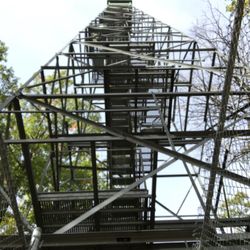 Alton Heights Lookout Tower
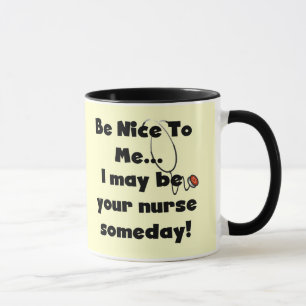 Mug Soyez Nice les T-shirts et les cadeaux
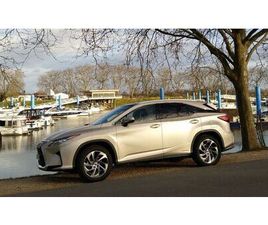 LEXUS RX 450H 3.5 V6 313 E-FOUR EXECUTIVE E-CVT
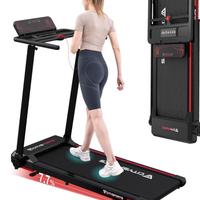 Citysport Tapis Roulant Elettrico Salvaspazio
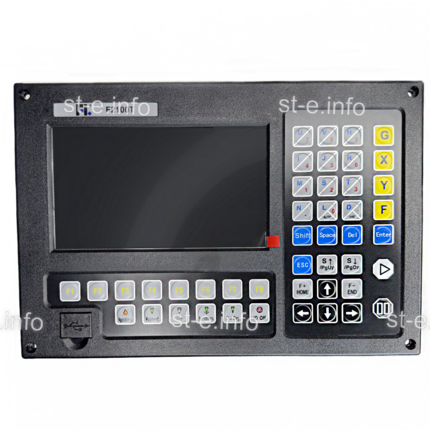 Управляющий блок ЧПУ F2100T с встроенным контроллером высоты - st-e.info - Клинцы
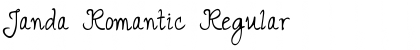 Download Janda Romantic Font Download Janda Romantic Font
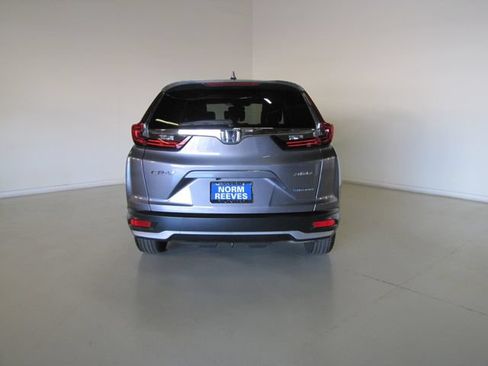 Certified 2021 Honda CR-V EX image 24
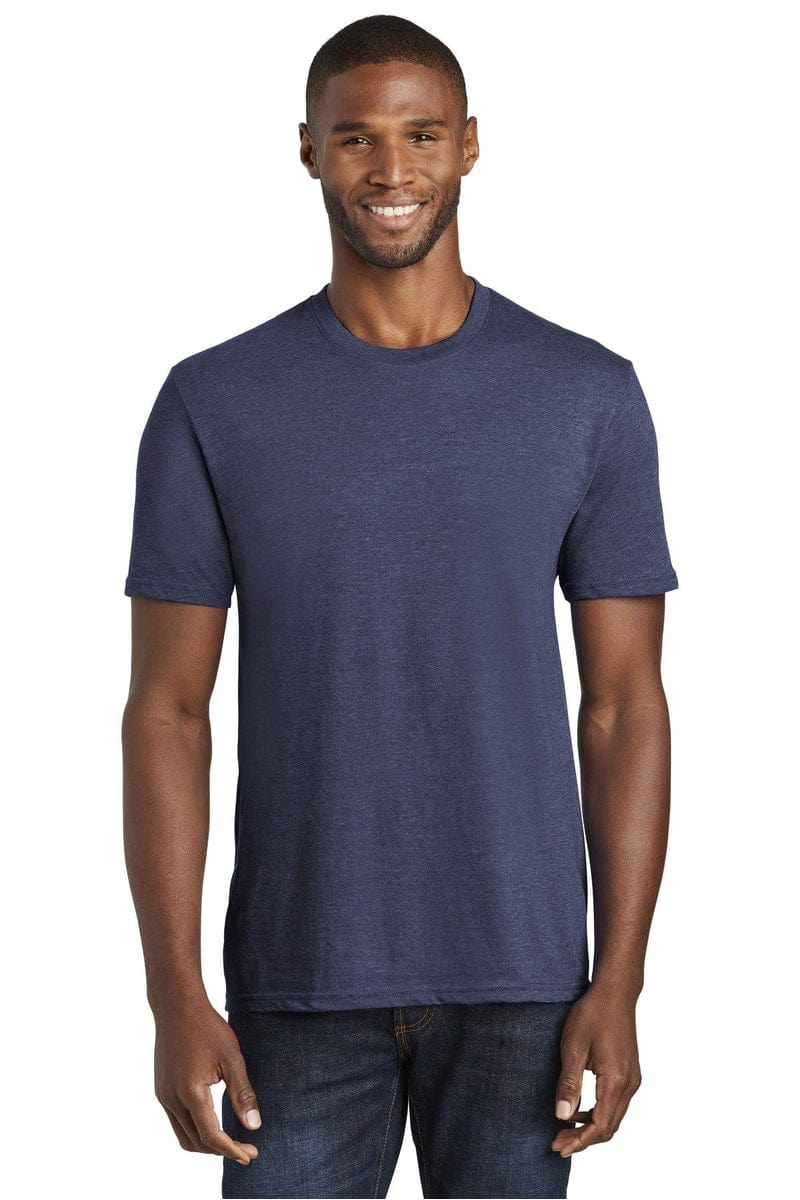 Port & Company Fan Favorite Blend Tee. PC455 in 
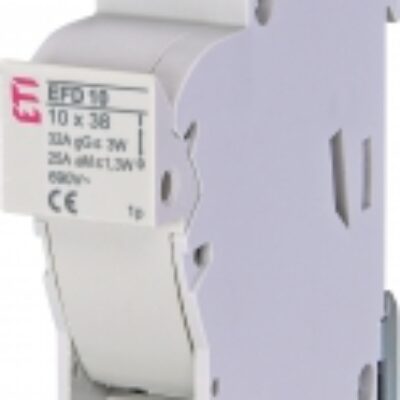 Modularna rastavna sklopka EFD 10 1p
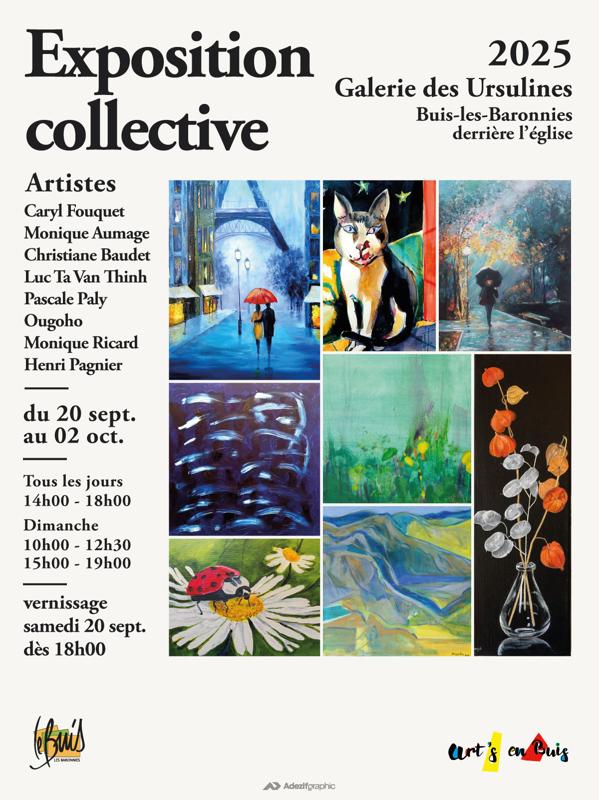 Exposition collective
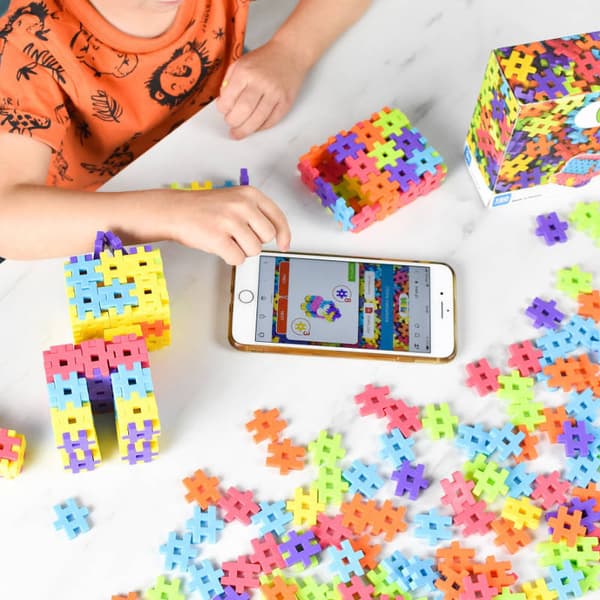 Meli Basic -rakennuspalikat 50 kpl.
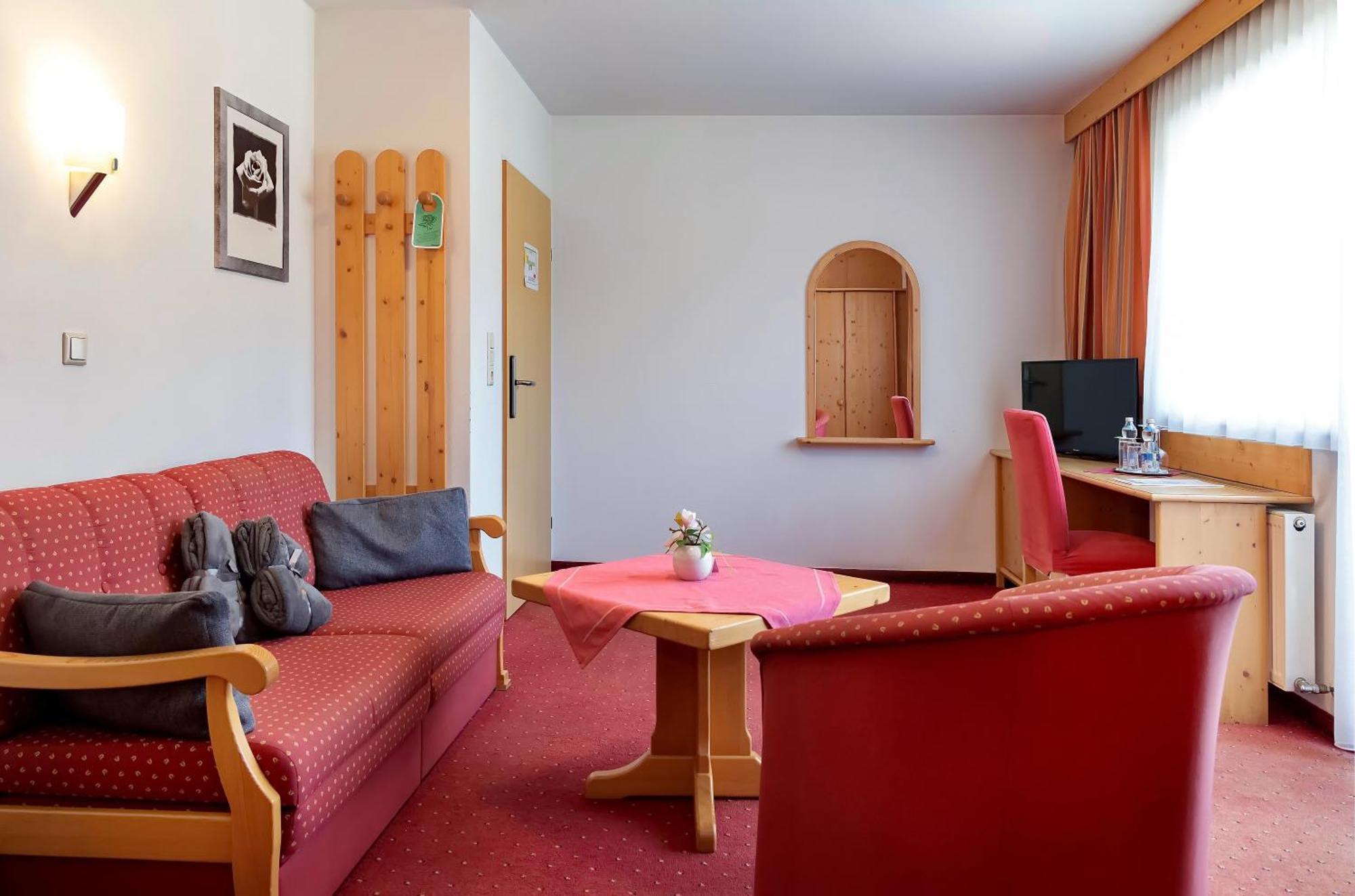 Gasthof Hotel Schermer Bad Haering Phòng bức ảnh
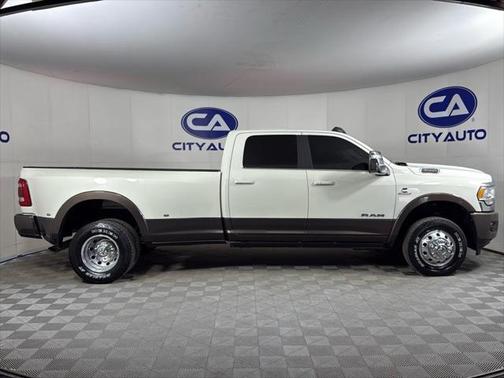 2023 RAM 3500 Longhorn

**Exercise**.
Copy out exactly the lines above beginning with the line that contains "Mug Soyez Nice les T-shirts et les cadeaux" and finishing with the line that contains "Exposition collective", including both; leave the pictures out.

**Answer box**.
 Mug Soyez Nice les T-shirts et les cadeaux
 LEXUS RX 450H 3.5 V6 313 E-FOUR EXECUTIVE E-CVT
 Citysport Tapis Roulant Elettrico Salvaspazio
 Управляющий блок ЧПУ F2100T с встроенным контроллером высоты - st-e.info - Клинцы
 Download Janda Romantic Font Download Janda Romantic Font
 Certified 2021 Honda CR-V EX image 24
 Port & Company Fan Favorite Blend Tee. PC455 in 
 Modularna rastavna sklopka EFD 10 1p
 Exposition collective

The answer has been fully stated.